Work required: Here the job is to transcribe the data exactly while omitting the images.

Records provided:
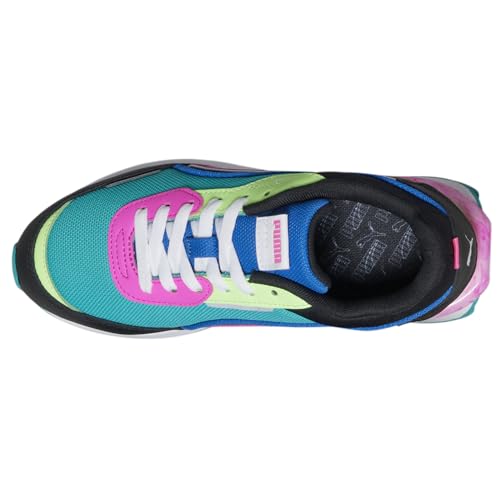 PUMA Women's City Rider Marble Sneaker, Green/Black/Luminous Pink, 7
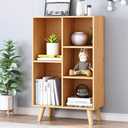 IOTXY Wooden Open Shelf Bookcase - 3-Tier Floor Standing Display Cabinet Rack with Legs, 5 Cubes Bookshelf, Pear Yellow, 50CM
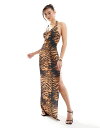  エイソス レディース ワンピース トップス ASOS DESIGN halter plunge detail maxi dress in tiger print Animal Print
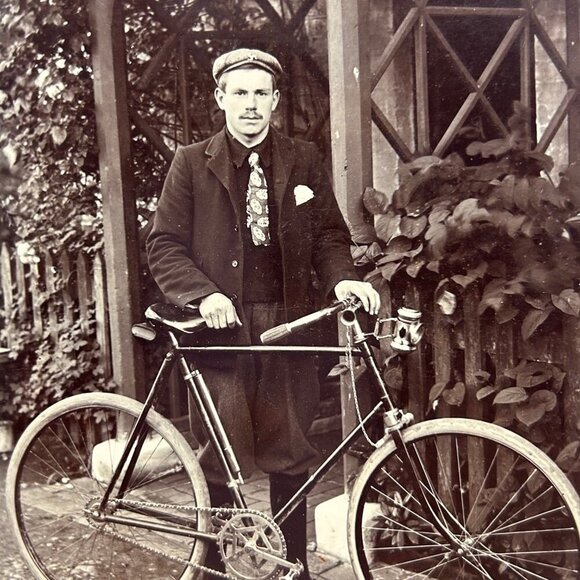 Antique Cabinet Card Photo Of Man With Bicycle in Sepia tones - Picture 5 of 5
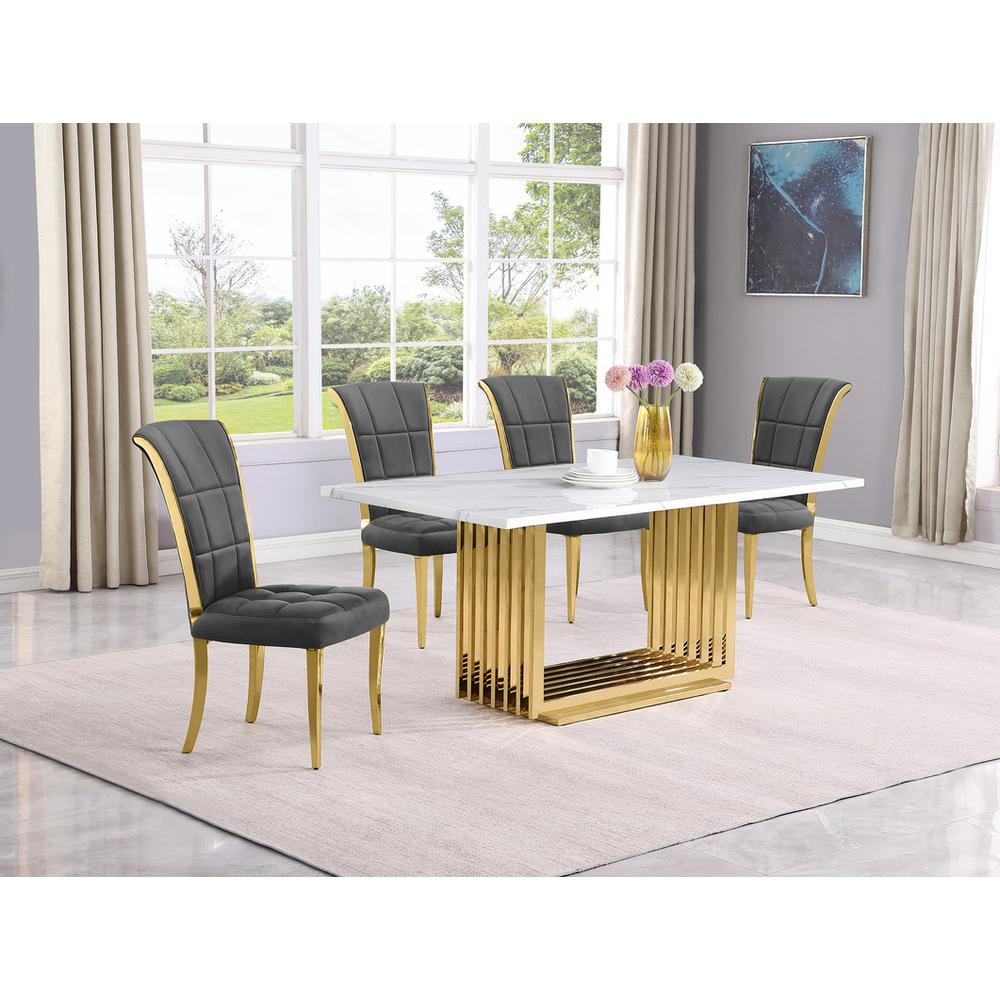 5pc Small(68″) marble top dining set with gold base and 4 Dark grey side chairs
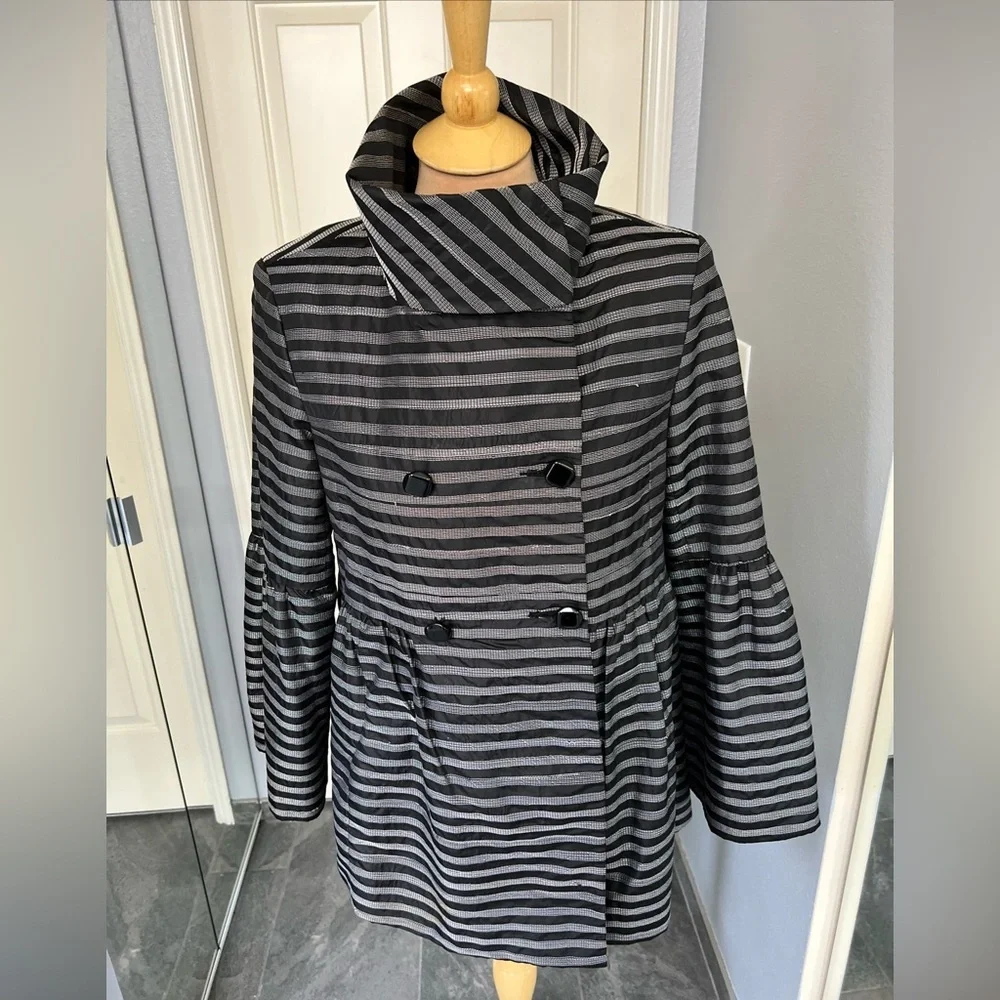 Samuel Dong Black Striped Peplum Bell‎ Sleeve Jacket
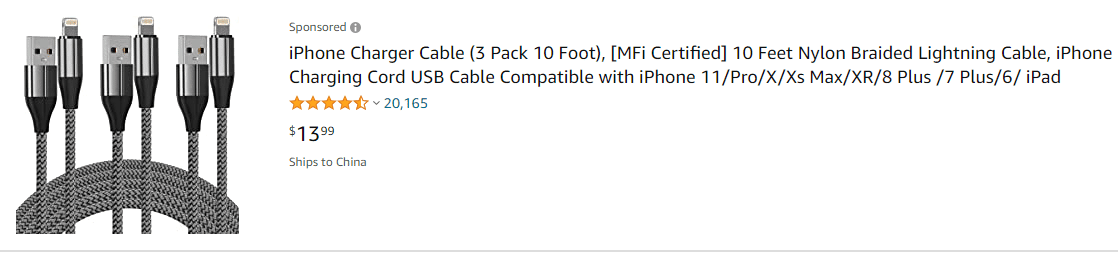 fake mfi certified lightning cable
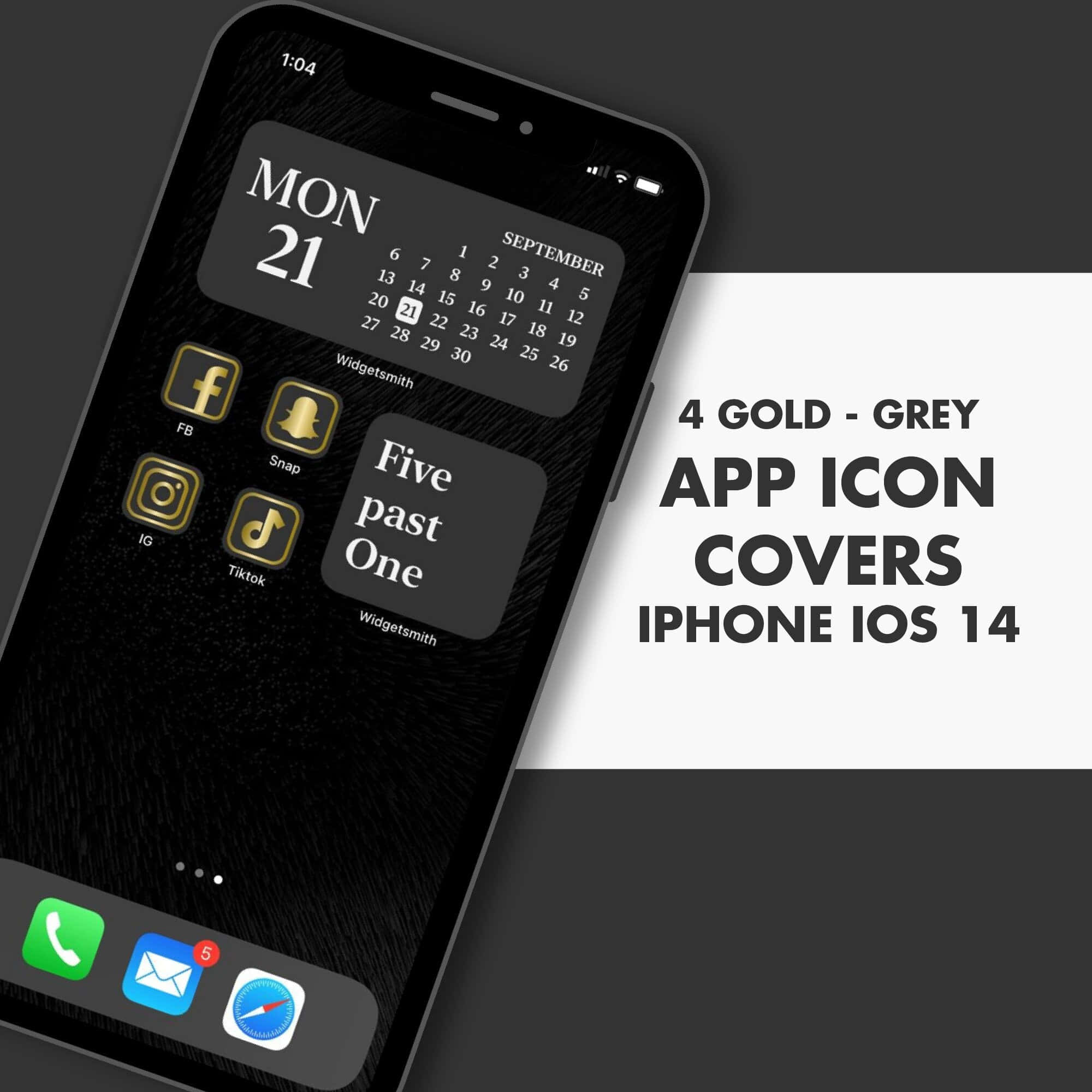 iPhone 美學 桌布 壁紙 — iPhone 螢幕顯示金色應用程式圖示，黑色紋理桌布，帶有日曆小工具和文字疊加。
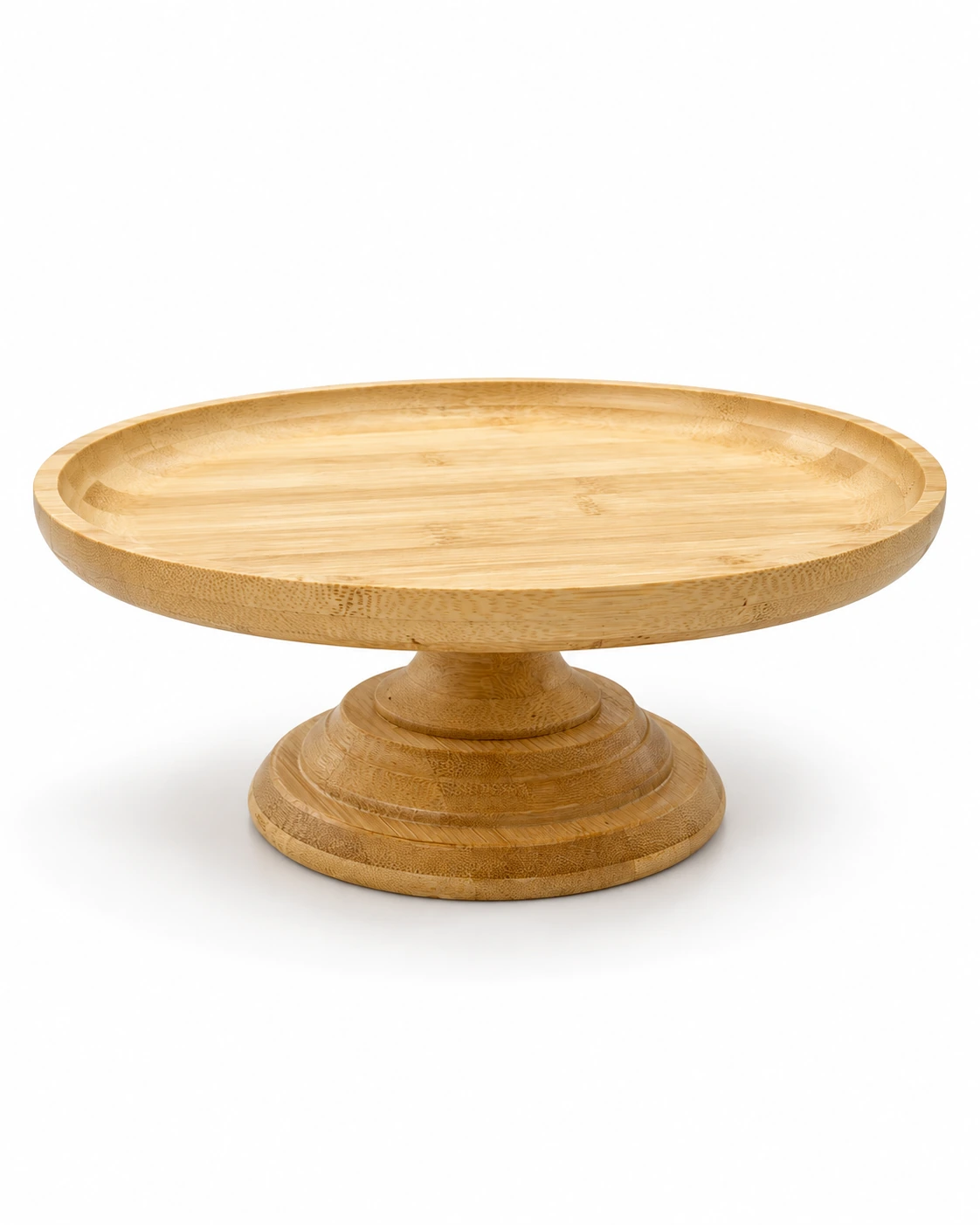 Round wood pedestal for serving cakes and desserts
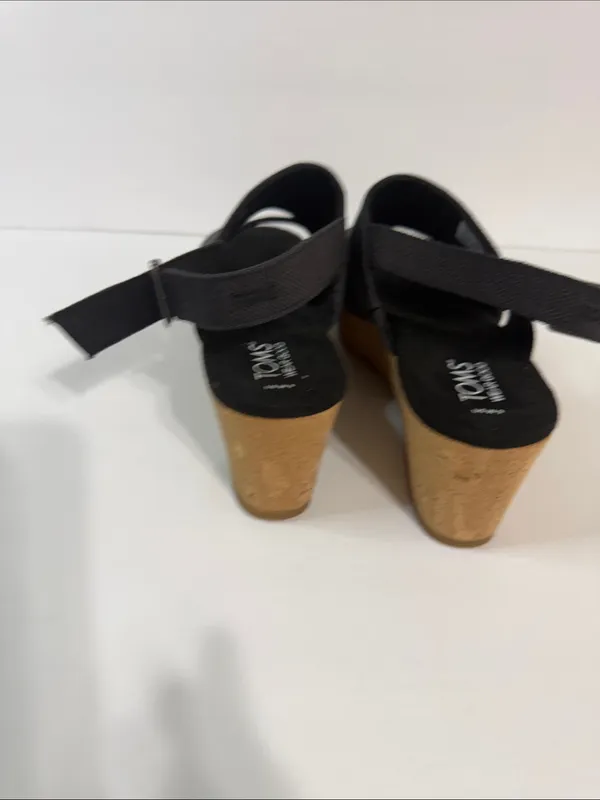 Toms Black Fabric Cork Wedge Sandals with Slingback - Image 4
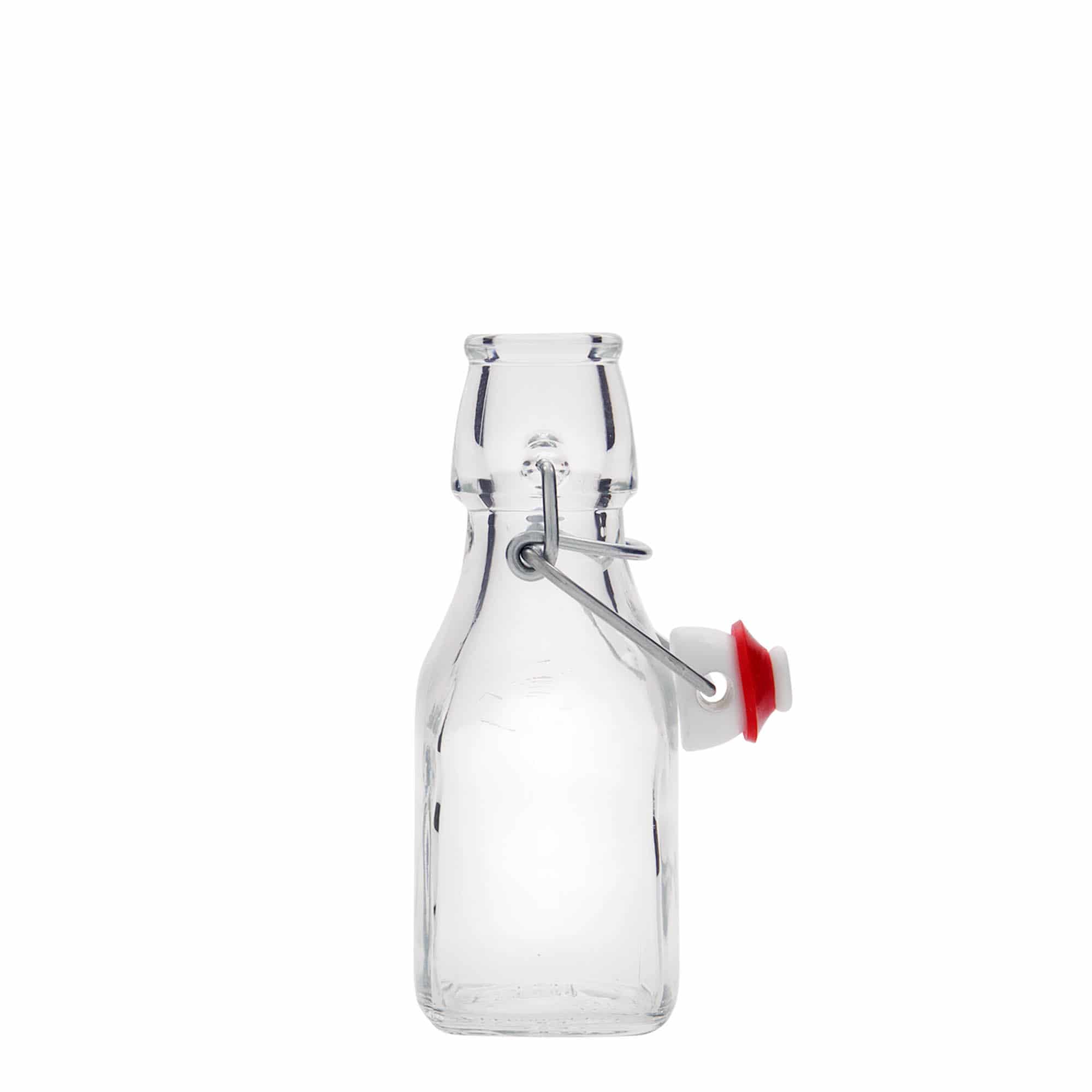 Bouteille en verre 125 ml 'Swing', carrée, bouchage: bouchon mécanique Bouteille en verre 125 ml 'Swing', carrée, bouchage: bouchon mécanique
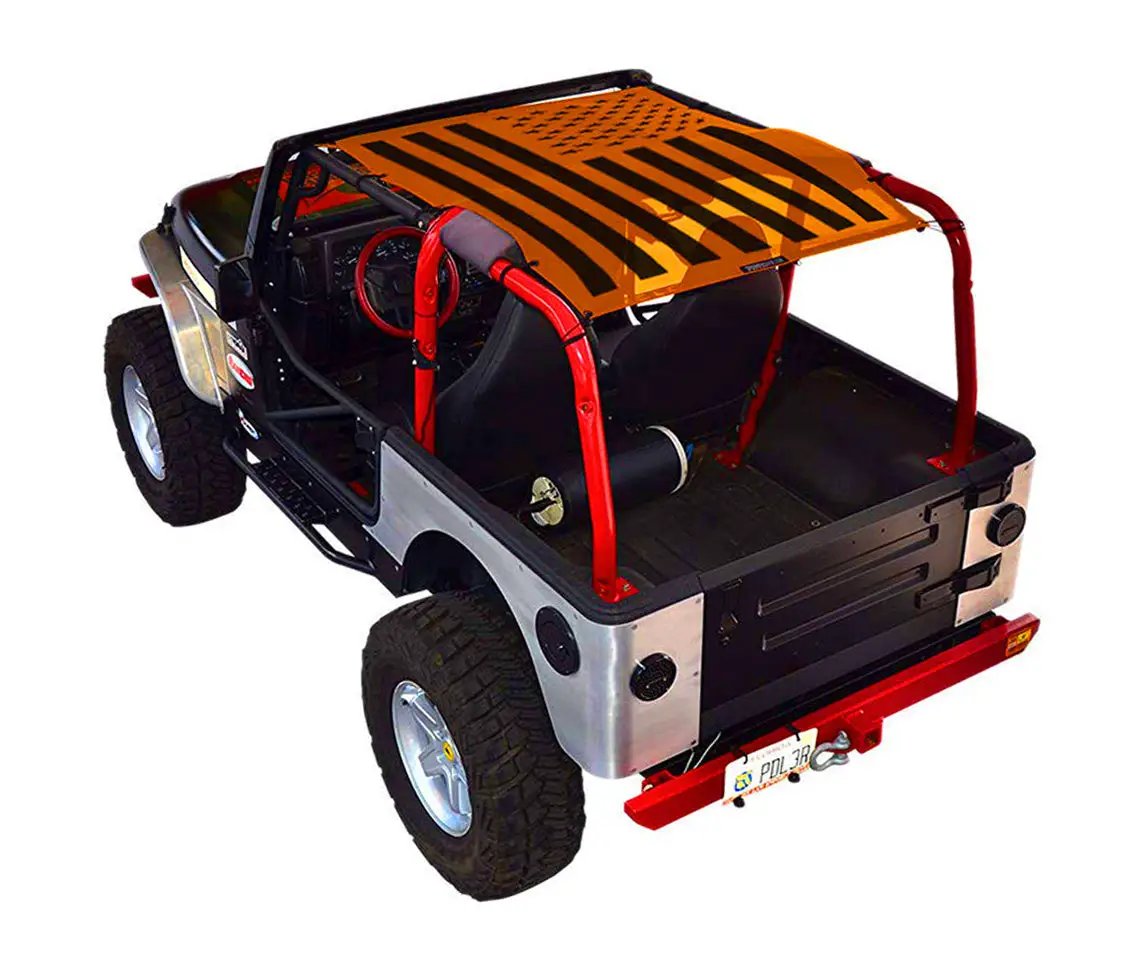 SPIDERWEBSHADE sun shade for Jeep Wrangler TJ, orange printed top with black pattern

Response area:
 PUMA Women's City Rider Marble Sneaker, Green/Black/Luminous Pink, 7
 IOTXY Wooden Open Shelf Bookcase - 3-Tier Floor Standing Display Cabinet Rack with Legs, 5 Cubes Bookshelf, Pear Yellow, 50CM
  エイソス レディース ワンピース トップス ASOS DESIGN halter plunge detail maxi dress in tiger print Animal Print
 Antique Cabinet Card Photo Of Man With Bicycle in Sepia tones - Picture 5 of 5
 5pc Small(68″) marble top dining set with gold base and 4 Dark grey side chairs
 Samuel Dong Black Striped Peplum Bell‎ Sleeve Jacket
 fake mfi certified lightning cable
 iPhone 美學 桌布 壁紙 — iPhone 螢幕顯示金色應用程式圖示，黑色紋理桌布，帶有日曆小工具和文字疊加。
 Round wood pedestal for serving cakes and desserts
 Toms Black Fabric Cork Wedge Sandals with Slingback - Image 4
 Bouteille en verre 125 ml 'Swing', carrée, bouchage: bouchon mécanique Bouteille en verre 125 ml 'Swing', carrée, bouchage: bouchon mécanique
 SPIDERWEBSHADE sun shade for Jeep Wrangler TJ, orange printed top with black pattern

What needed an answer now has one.